世界には、お伽話が――寓話が、伝説が、伝承があふれ、人々は、妖精も神様も、魔法も異世界も、目に見えない様々なものを信じ、身近に感じて生きてる。
けれどそれは昔の話……。
もちろん、今でもそれらは世界中にあふれ、人々はそれらに親しみを感じている。
けれど、昔ほどではない。
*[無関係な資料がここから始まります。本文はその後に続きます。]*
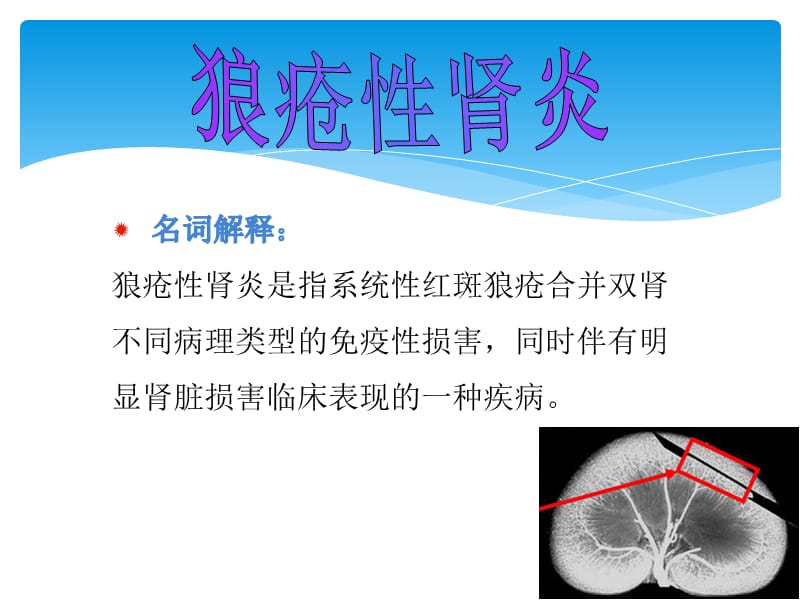 狼疮性肾炎护理ppt课件_第3页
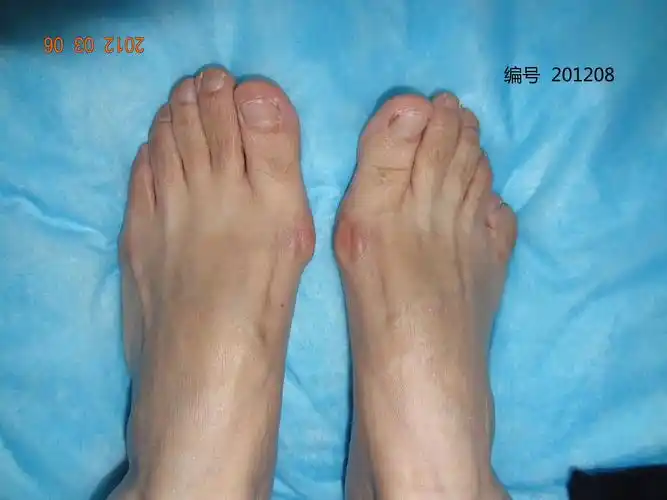 2012年3月拇外翻手术照片 - 好大夫在线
廃れ、忘れ去られていったものたちも、今や世界中に溢れているのだ。
そしてここには――
そんな風潮もどこ吹く風。今では知る人も少なくなったたくさんの挿話を、まるで我がことの様にか知りつくし、心酔し、語りつくせる少女がいた。あふれるほどの夢に囲まれて、平々凡々と育ってきた彼女の名は、アニエ・ブラウマ。
その彼女の前に、突然謎の三人が現われた。
やる気があるんだかないんだか、ひたすら無口で無愛想なリビウス。
快活で明るい、力自慢の姉御剣士レギー。
博識で頼れる紳士だが、そこはかとなく女口調のシュラエストル。
彼らは、アニエが数々のお伽話に詳しいことを知るやいなや、片っ端からそれを聞かせてくれと言う……。
理由なんて分からない。というか、教えてくれない。
とまどいながらもアニエは語る。彼女の知る数々の挿話を――。